### REQUIREMENT
Please output exactly the lines below, starting at the line that has "Трос стояночного тормоза" and ending at the line that has "Crown & Ivy Teal Geometric Long Sleeve Dress", both included; leave out all pictures and include nothing else.

*** PROVIDED INFORMATION ***

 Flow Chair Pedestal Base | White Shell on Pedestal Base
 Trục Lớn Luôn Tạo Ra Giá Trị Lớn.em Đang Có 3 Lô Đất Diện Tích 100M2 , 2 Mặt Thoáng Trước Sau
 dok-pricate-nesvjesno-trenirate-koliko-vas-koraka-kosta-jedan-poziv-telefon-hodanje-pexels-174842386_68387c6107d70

***
*** PROVIDED INFORMATION ***

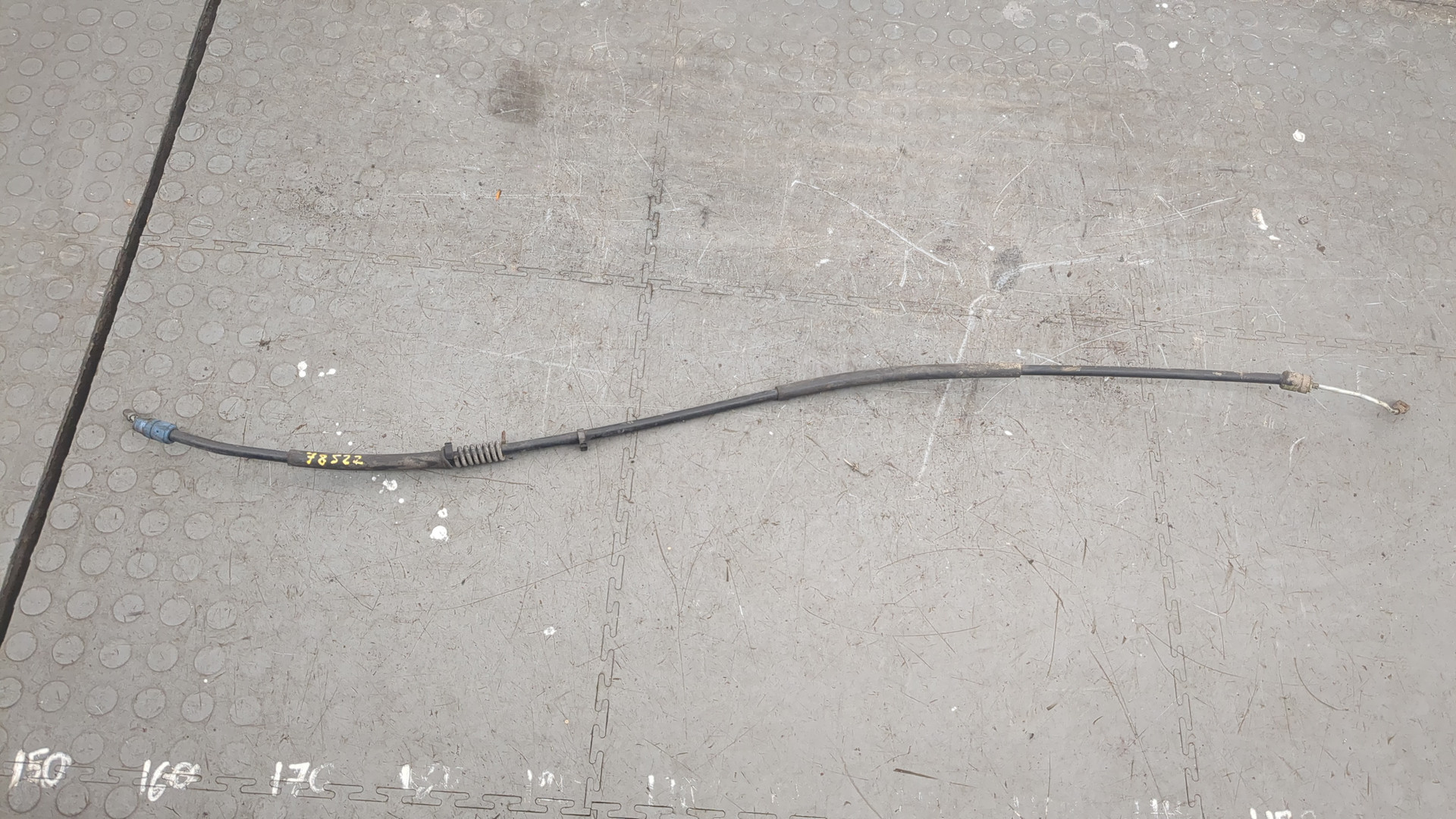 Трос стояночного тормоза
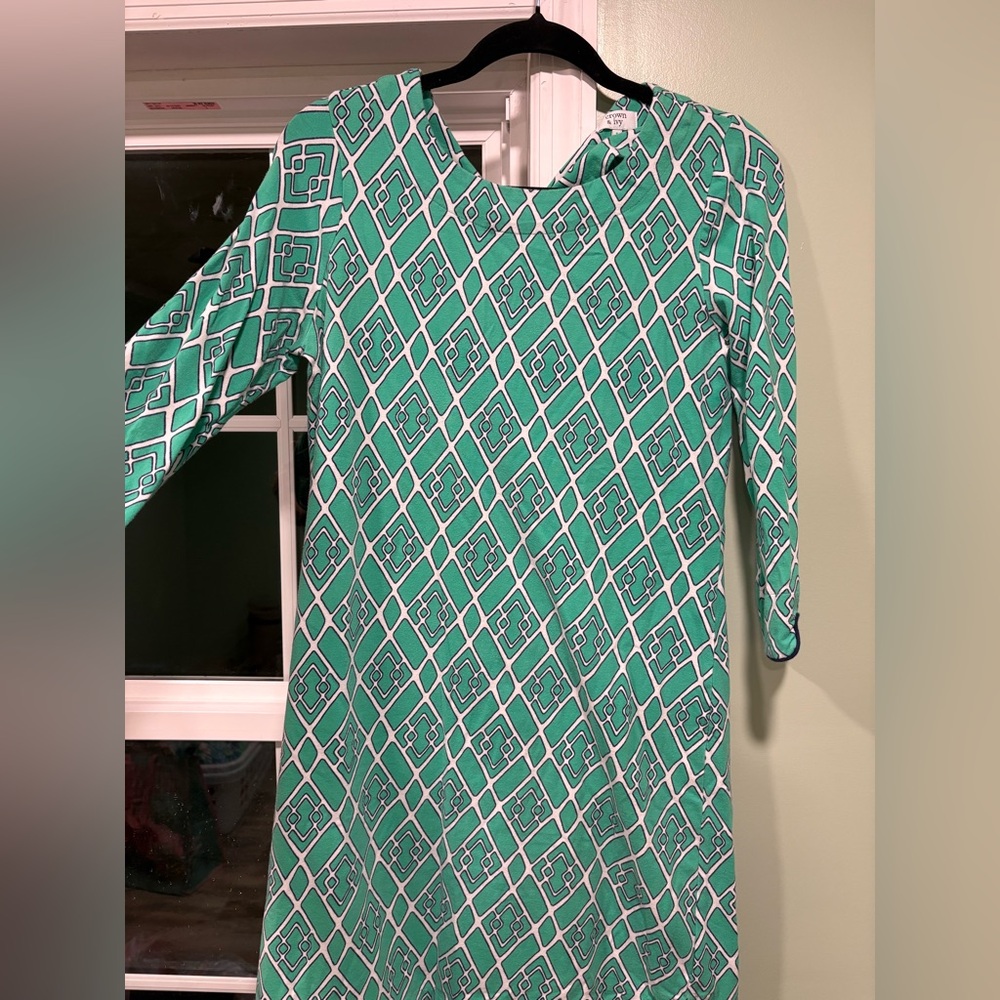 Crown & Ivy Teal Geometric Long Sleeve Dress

***
*** PROVIDED INFORMATION ***

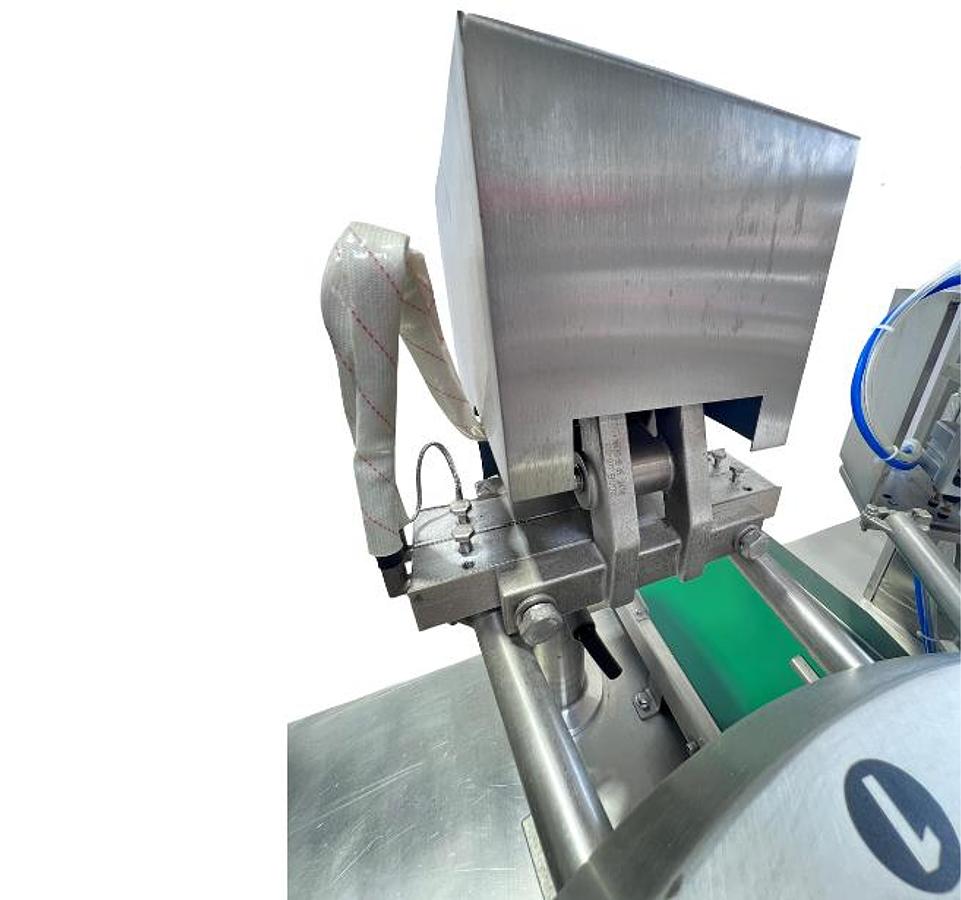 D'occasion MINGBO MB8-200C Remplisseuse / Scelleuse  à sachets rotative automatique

***

### ANSWER TO THIS PROBLEM
 Трос стояночного тормоза
 Crown & Ivy Teal Geometric Long Sleeve Dress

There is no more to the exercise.